Voting has begun in a local election in Karnataka, India’s southern tech hub, where Prime Minister Narendra Modi and the opposition Indian National Congress are seeking control of a state seen as a strategic prize one year ahead of a national poll.
The state, one of India’s richest per capita and the centre of its information technology industry, is the only one in the country’s more prosperous south held by Modi’s Bharatiya Janata party, whose main power base is in the north.
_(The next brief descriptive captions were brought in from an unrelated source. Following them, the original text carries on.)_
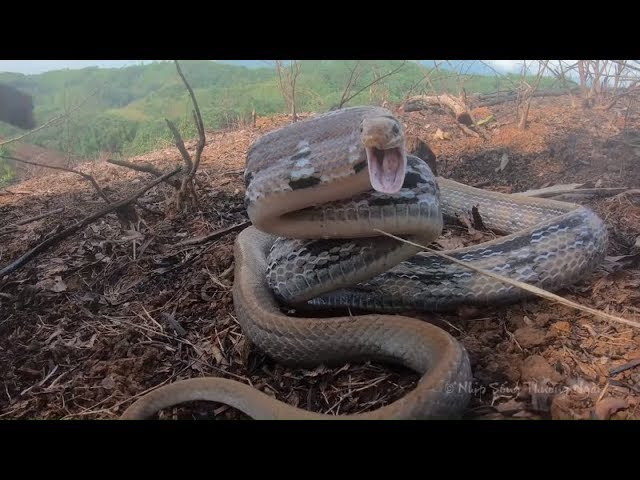 Khi thấy rắn, hãy dùng gậy dài để xua đuổi chúng ra khỏi nhà, tránh tiếp xúc trực tiếp với rắn.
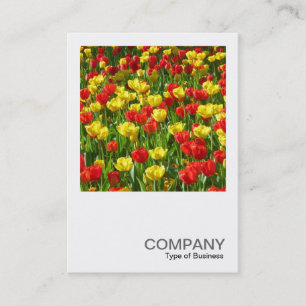 Square Photo 0320 - Zee van Tulips III Visitekaartje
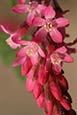 Red Flowering Currant ( Ribes sanguineum) picture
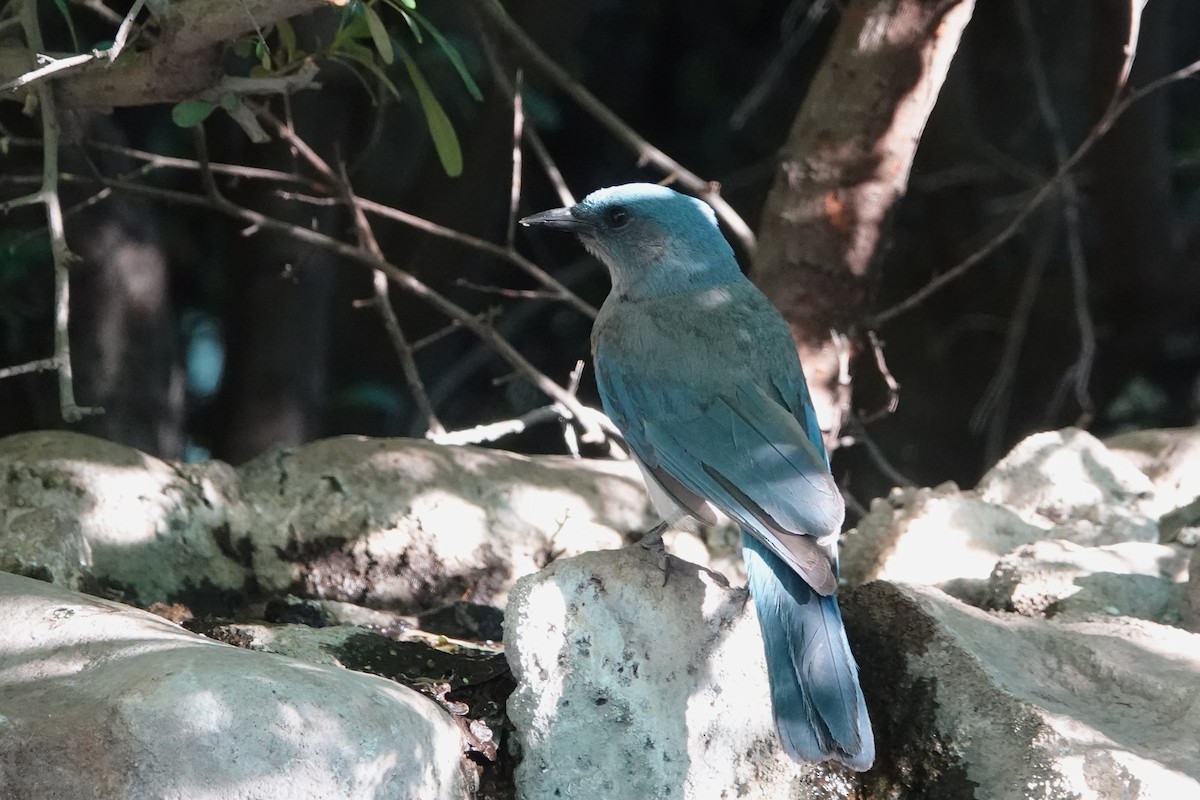 Mexican Jay - ML620514525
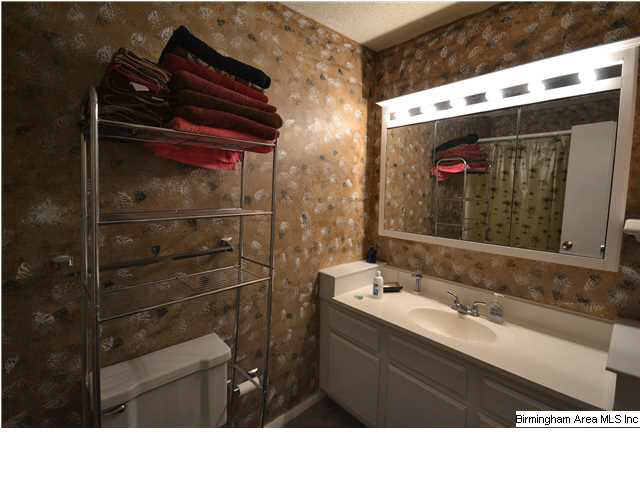 513 Running Brook Road Birmingham, AL 35226 - Photo 12 of 17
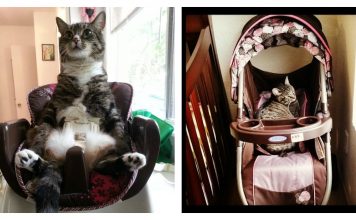 18 Cats Who Are Definitely Not Trying To Be The Baby…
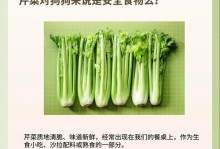 芹菜夏季种植指南（生长环境、品种选择、育苗、移栽、管理技巧全解析）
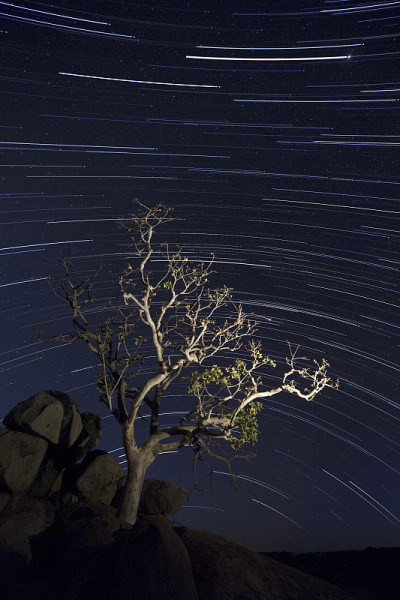 星星在树上留下痕迹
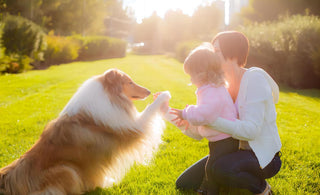 The Healthful Joys of Dog Walking: Benefits for You and Your Furry Companion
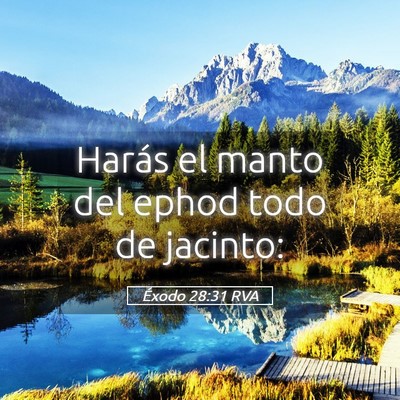 Picture 05 - Éxodo 28:31 RVA - Harás el manto del ephod todo de - Bible Verse Picture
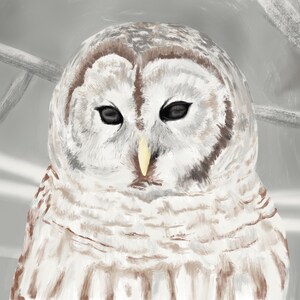 Owl - Giclée Print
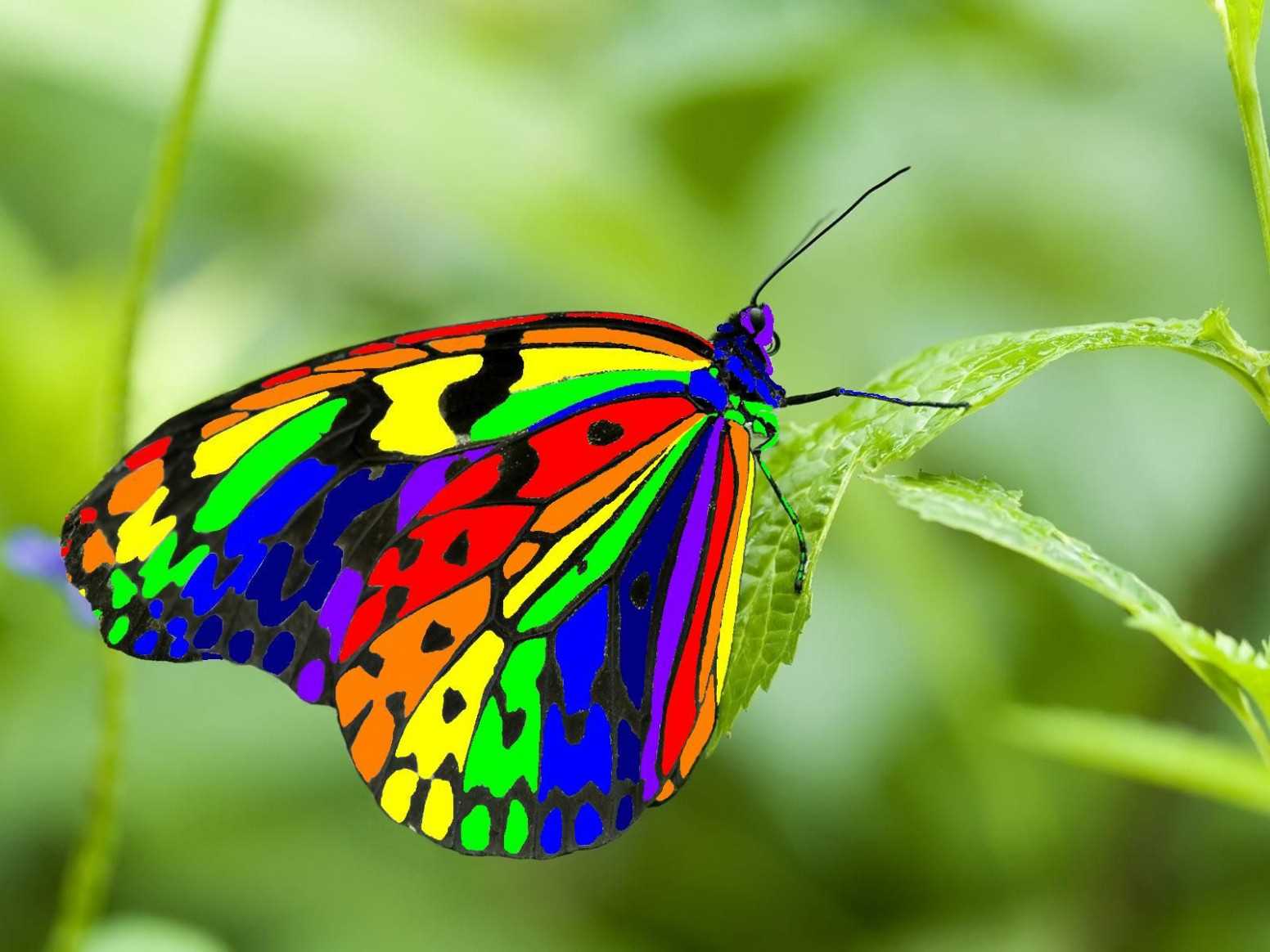 Top 10 Most Beautiful Butterflies In The World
Congress candidates have seized on alleged corruption in the state to accuse Karnataka’s BJP government of “looting” money while in power. Modi has hit back by deriding the powerful Gandhi dynasty that dominates the opposition party as a “royal family”. He has also trumpeted the value of having a “double engine” BJP government in the state capital Bengaluru and national capital New Delhi.
The prime minister, who will seek a third term in office in 2024, has spent a full week campaigning around Karnataka, in one sign of the importance of Wednesday’s poll to building momentum for the national election.
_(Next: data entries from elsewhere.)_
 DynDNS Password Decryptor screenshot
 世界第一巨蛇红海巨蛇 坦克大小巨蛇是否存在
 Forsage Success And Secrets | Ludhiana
Amid a strong anti-incumbency mood, analysts said the BJP was placing a firm bet on the popularity of Modi himself, whom many Indian voters perceive as being above the political fray.
“The Modi card is the only card they are playing here,” says Chandan Gowda, professor of social science at the Institute for Social and Economic Change in Bengaluru. “If the BJP were to lose, it would be a huge setback for them in claiming the enormous popularity of Modi across the country.”
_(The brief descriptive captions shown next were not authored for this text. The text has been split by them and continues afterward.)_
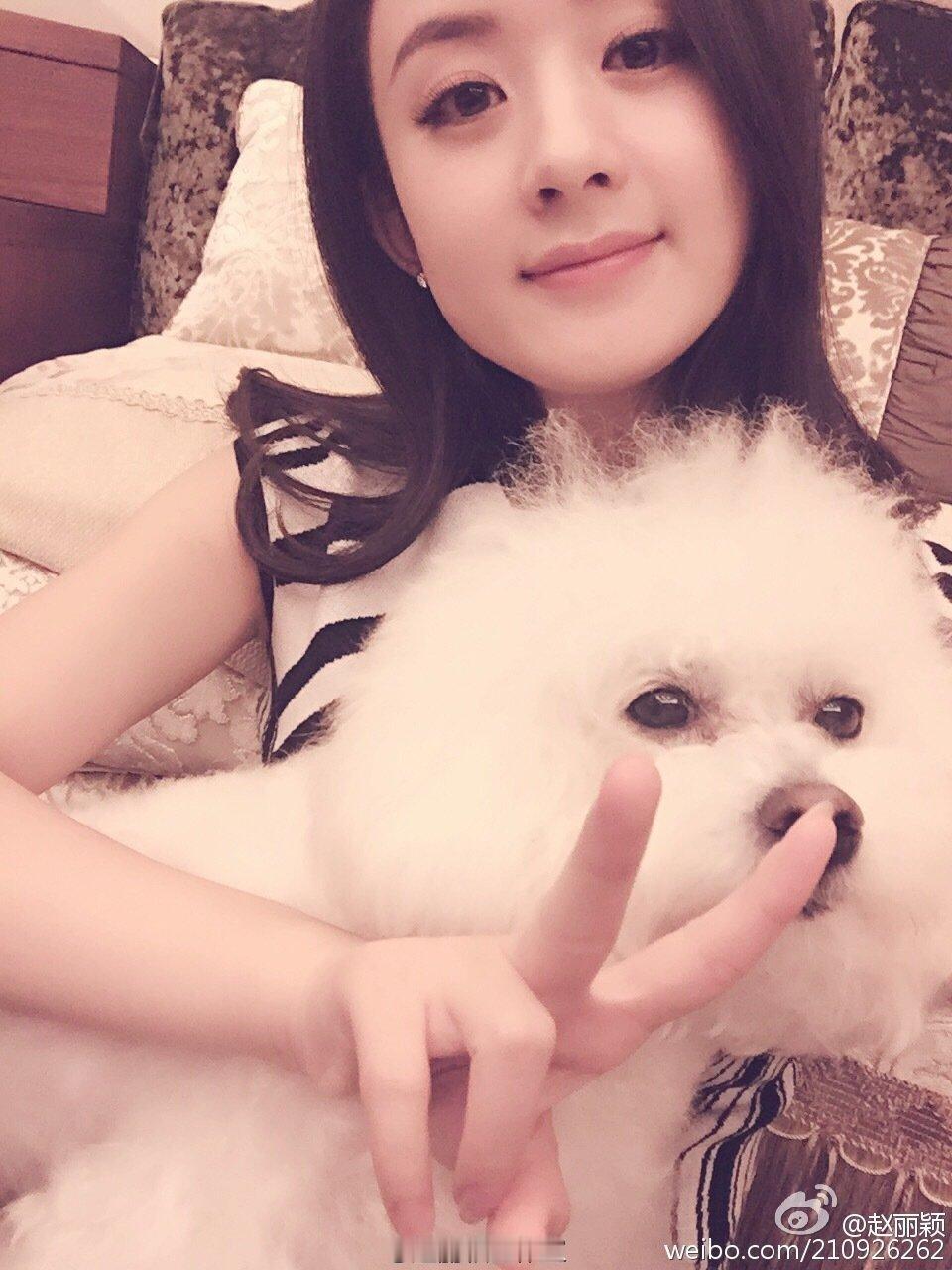 赵丽颖赵丽颖老婆实时号测试 zly曾舜晞带着周翊然去给赵丽颖敬酒 没有预兆 没有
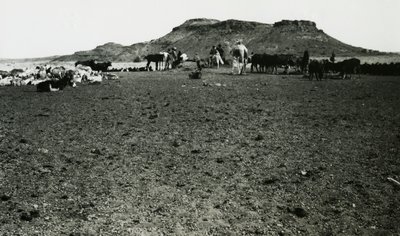 Näkymä Naqan arkeologiselta alueelta, jossa on dromedaareja ja karjaa, Sudan, valokuvaaja Ugo Monneret de Villard. tekijältä Ugo Monneret de Villard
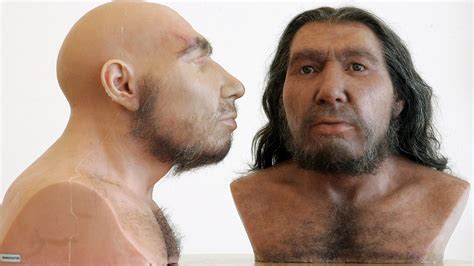 Urzeit: Neandertaler - Urzeit - Geschichte - Planet Wissen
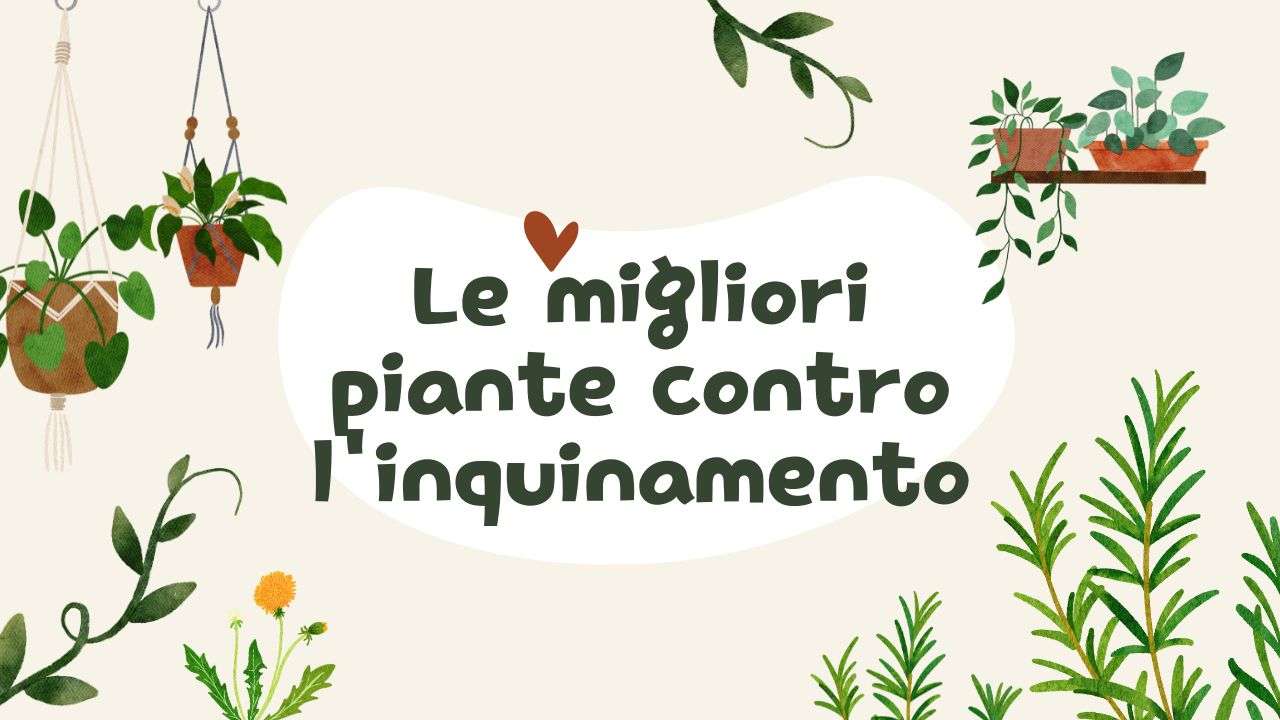 piante contro inquinamento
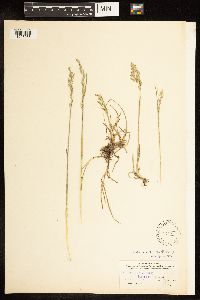 Poa nemoralis image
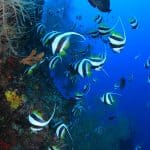 Veligandudiving - arenatours.com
Modi on Thursday urged Karnataka residents, particularly young and first-time voters, to “vote in large numbers and enrich the festival of democracy”. Results for the 224-seat local assembly are due to be reported on Saturday.
Most Indians anticipate Modi’s BJP will easily win a third term in office in next year’s election, which is expected to be held in April and May.
But Congress officials are targeting state polls, including in Chhattisgarh and Rajasthan later this year, as a stepping stone to political “revival” to challenge the ruling party on the national stage.
The opposition has dispatched figures including Rahul Gandhi, their most prominent politician, and his mother Sonia Gandhi to campaign in Karnataka, where it has hammered on persistent unemployment and alleged corruption in the state government.
Rahul Gandhi, Modi’s chief rival, was recently expelled from the national parliament after he was convicted of defaming the prime minister in Modi’s home state Gujarat and sentenced to two years in prison, a verdict he is currently appealing against.
Congress last week published campaign ads outlining what it claimed were bribes demanded by the BJP for government jobs and contracts in Karnataka. The BJP lodged a complaint with the election commission, which ordered Congress to provide proof of its allegations.
The campaign has even descended into an exchange of verbal barbs, with Mallikarjun Kharge, Congress president, last week likening Modi to a “poisonous snake”, comments he later said were misinterpreted. The prime minister responded by saying that the snake in question was a garland around the neck of Shiva, one of the principal Hindu deities, and adding that he was happy to be “the snake that adorns the neck of the people”.
Modi and BJP officials have also accused Sonia Gandhi of harbouring separatist goals for the state after remarks she made about protecting Karnataka’s “sovereignty”.
Analysts said that whether Congress or the BJP prevailed in the vote, either party might need to turn to the Janata Dal (Secular), a regional group that has won about a fifth of votes in Karnataka in recent elections, as a possible coalition partner.
“The Congress will almost certainly be the number one party, and the narrative is in their favour in a lot of regions because the BJP has performed a certain way and messed up some things,” said Sugata Srinivasaraju, an author and journalist based in Bengaluru.
But “the Modi presence has changed things”, he added. “There is a Modi brand vote where people might not be loyal to the BJP but are loyal to Modi.”